Data segment:
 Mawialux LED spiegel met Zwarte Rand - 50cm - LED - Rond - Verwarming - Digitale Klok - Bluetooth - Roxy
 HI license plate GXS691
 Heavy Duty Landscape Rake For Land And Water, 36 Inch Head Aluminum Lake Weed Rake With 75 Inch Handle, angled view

Required action:
Please output, exactly, the lines of the listing from the one containing "HI license plate GXS691" through the last, inclusive, and no other lines.

Answer to the exercise:
 HI license plate GXS691
 Heavy Duty Landscape Rake For Land And Water, 36 Inch Head Aluminum Lake Weed Rake With 75 Inch Handle, angled view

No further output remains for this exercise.